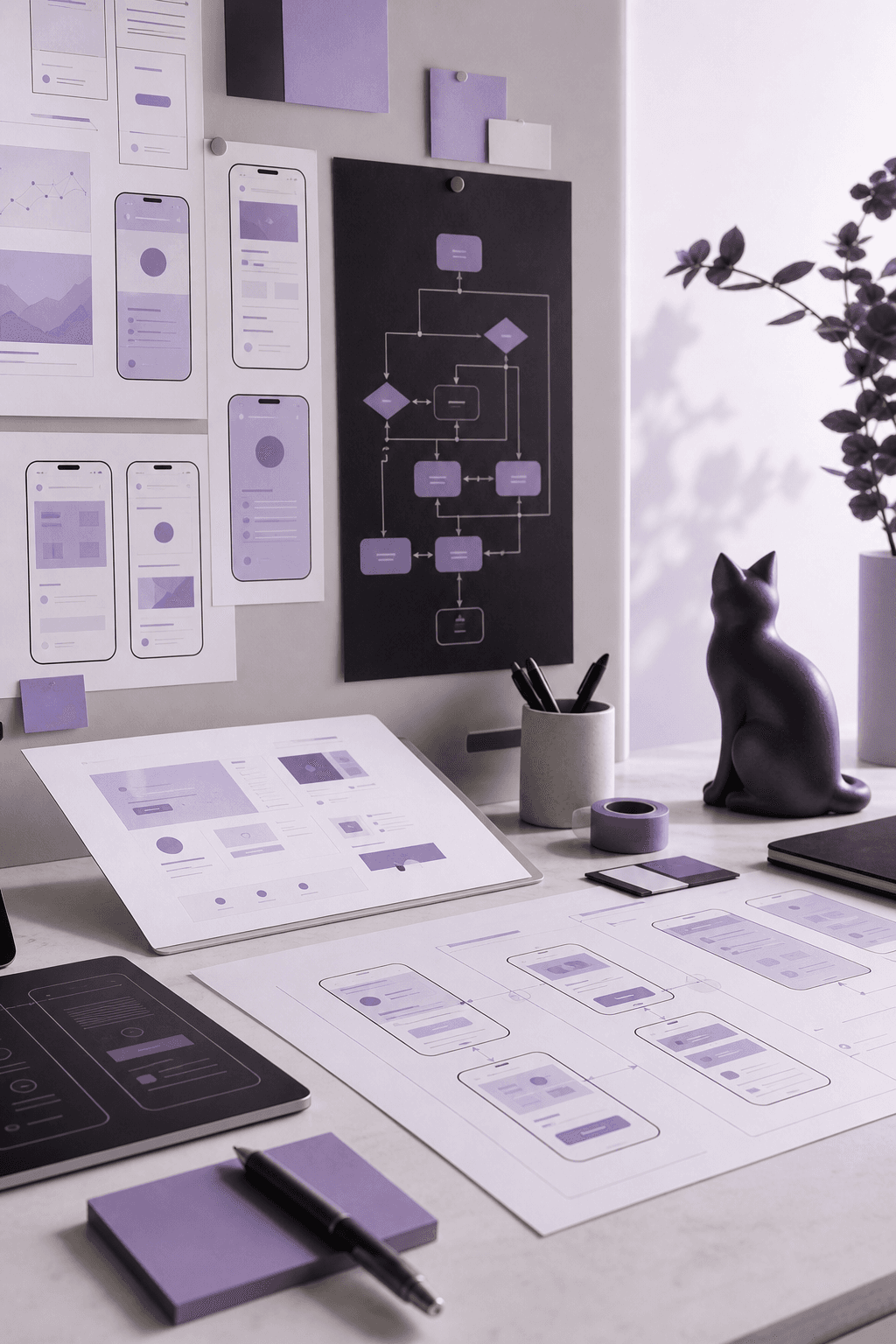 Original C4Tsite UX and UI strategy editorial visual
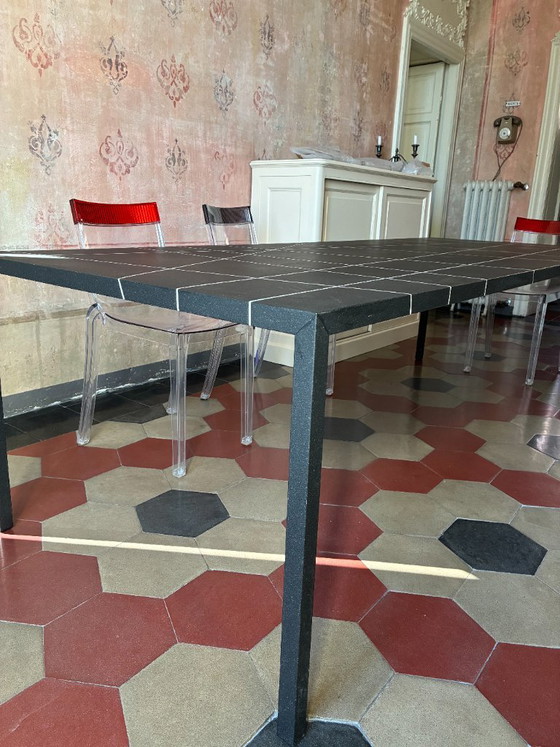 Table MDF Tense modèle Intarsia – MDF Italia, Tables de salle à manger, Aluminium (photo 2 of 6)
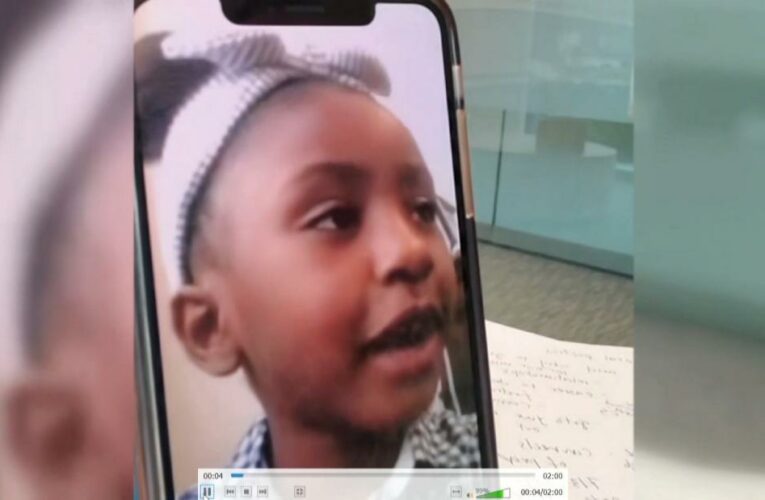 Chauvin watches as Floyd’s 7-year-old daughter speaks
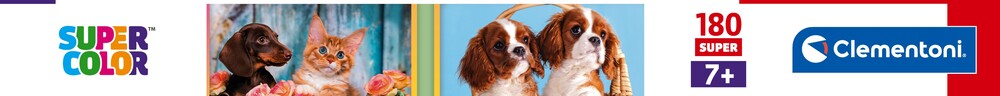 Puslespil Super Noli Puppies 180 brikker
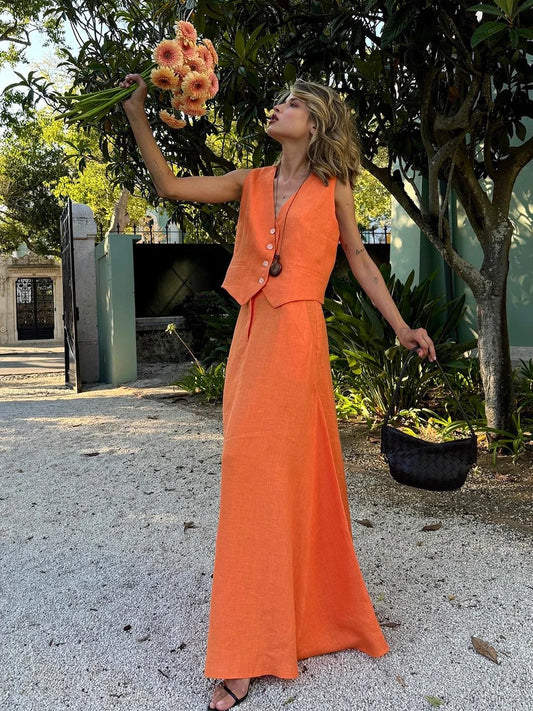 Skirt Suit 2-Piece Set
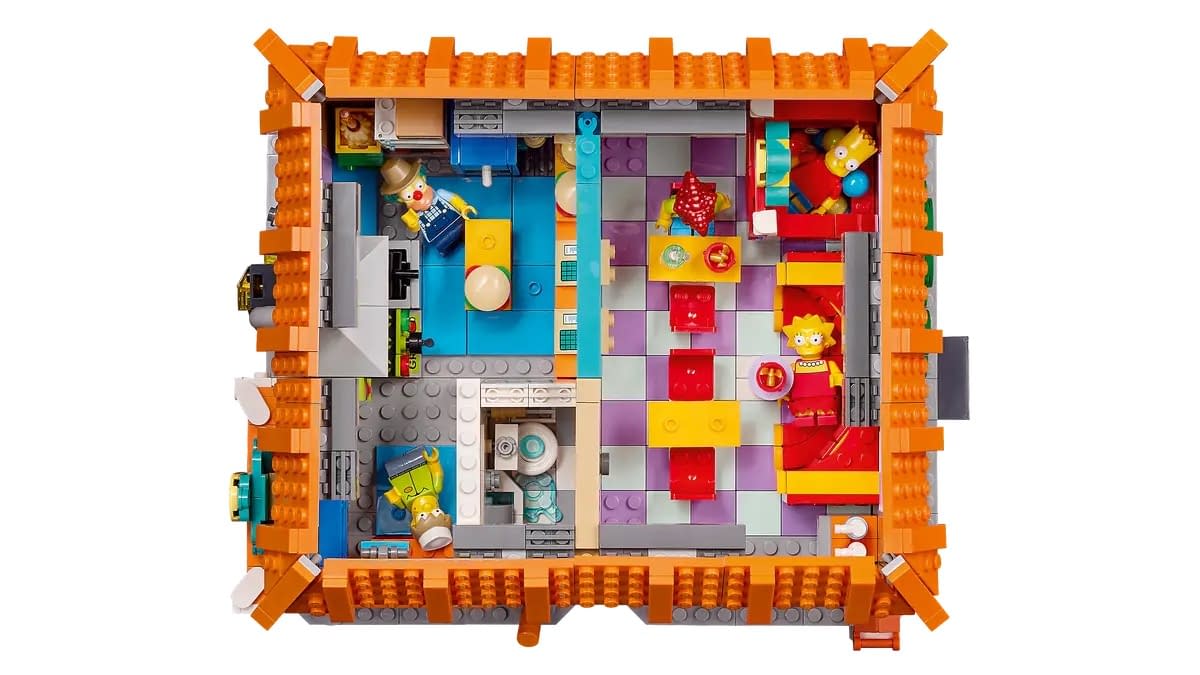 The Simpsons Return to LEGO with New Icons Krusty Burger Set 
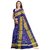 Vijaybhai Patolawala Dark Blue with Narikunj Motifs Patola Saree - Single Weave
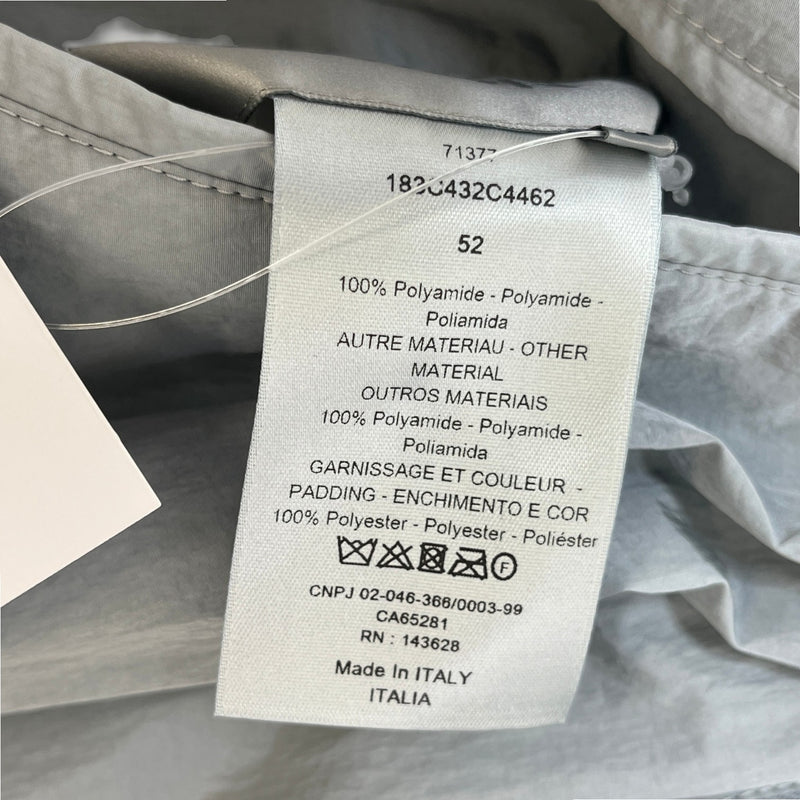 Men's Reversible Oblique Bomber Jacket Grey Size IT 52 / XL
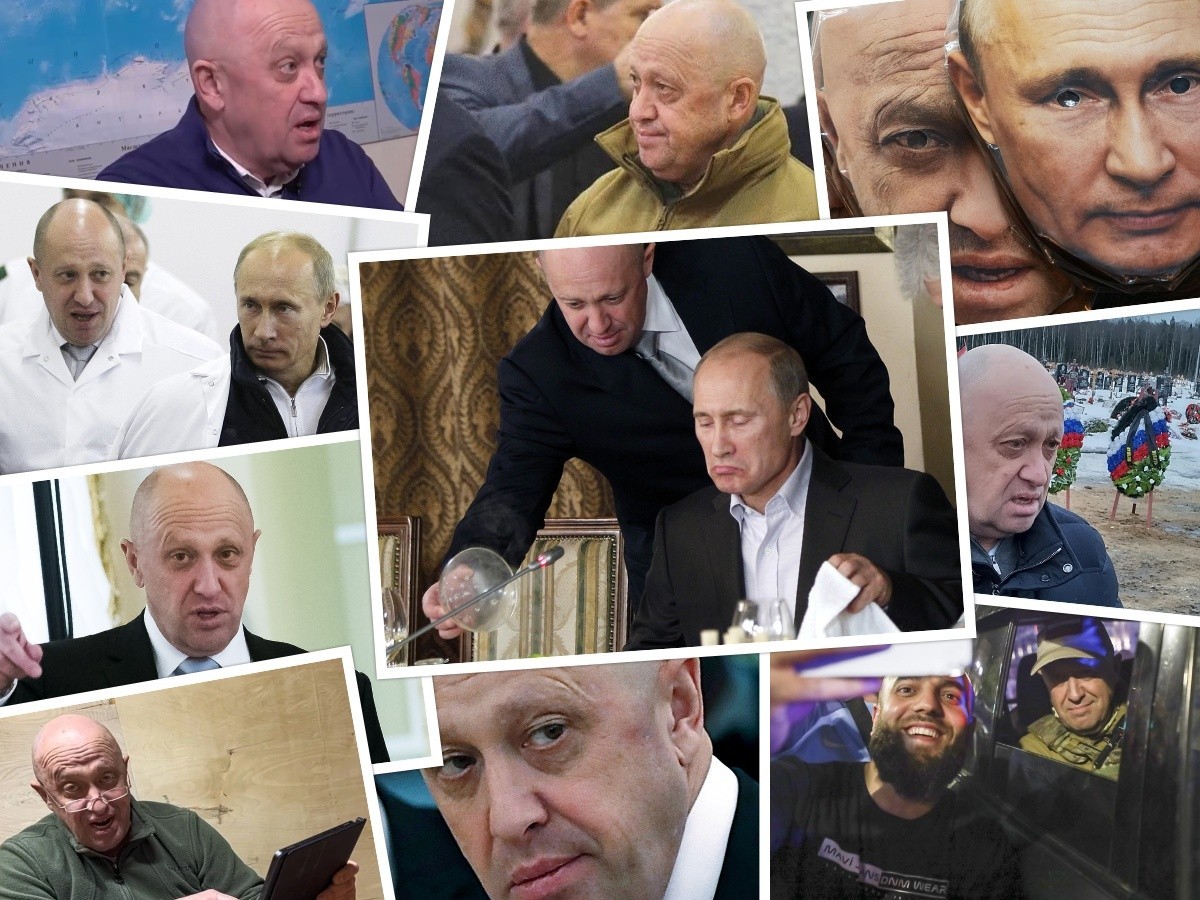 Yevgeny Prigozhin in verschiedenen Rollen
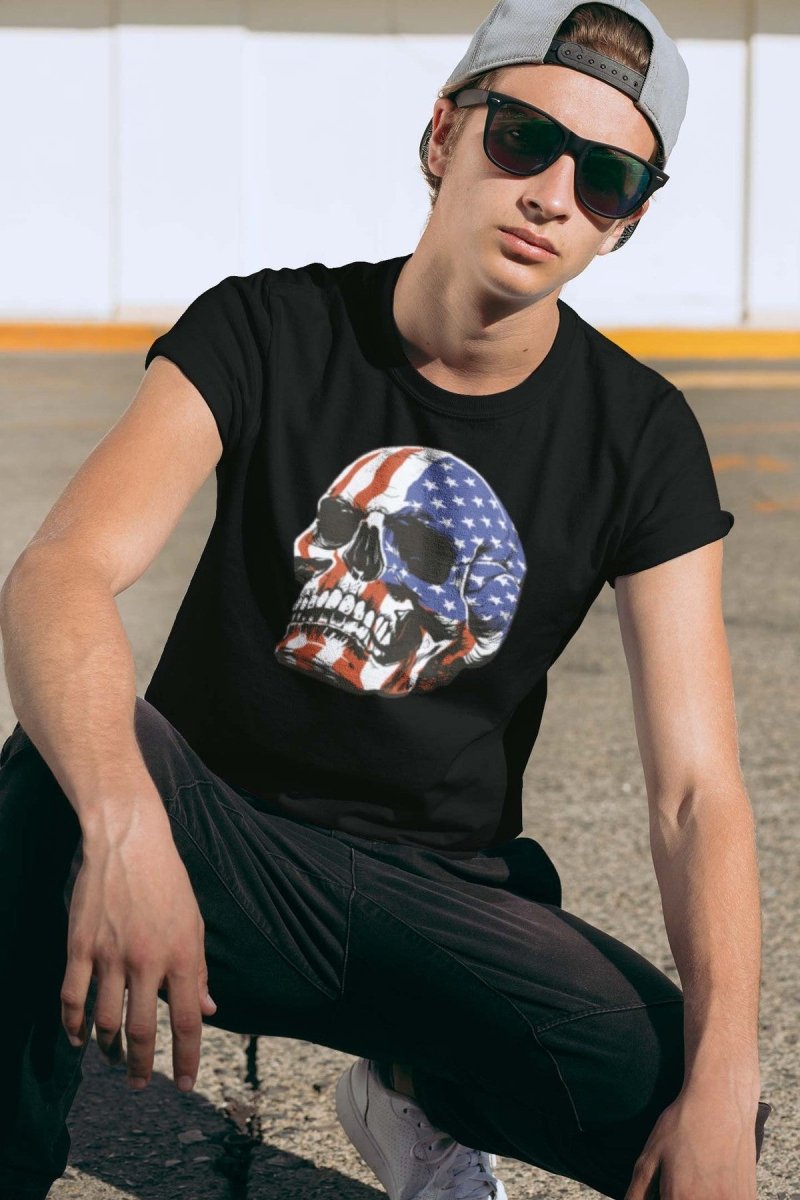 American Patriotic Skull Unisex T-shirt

What to work on - From the line containing "Chauvin watches as" to the last line of the entries, output every line exactly as written, but leave out the pictures.

Solution below -
 Chauvin watches as Floyd’s 7-year-old daughter speaks
 Puslespil Super Noli Puppies 180 brikker
 Skirt Suit 2-Piece Set
 The Simpsons Return to LEGO with New Icons Krusty Burger Set 
 Vijaybhai Patolawala Dark Blue with Narikunj Motifs Patola Saree - Single Weave
 Men's Reversible Oblique Bomber Jacket Grey Size IT 52 / XL
 Yevgeny Prigozhin in verschiedenen Rollen
 American Patriotic Skull Unisex T-shirt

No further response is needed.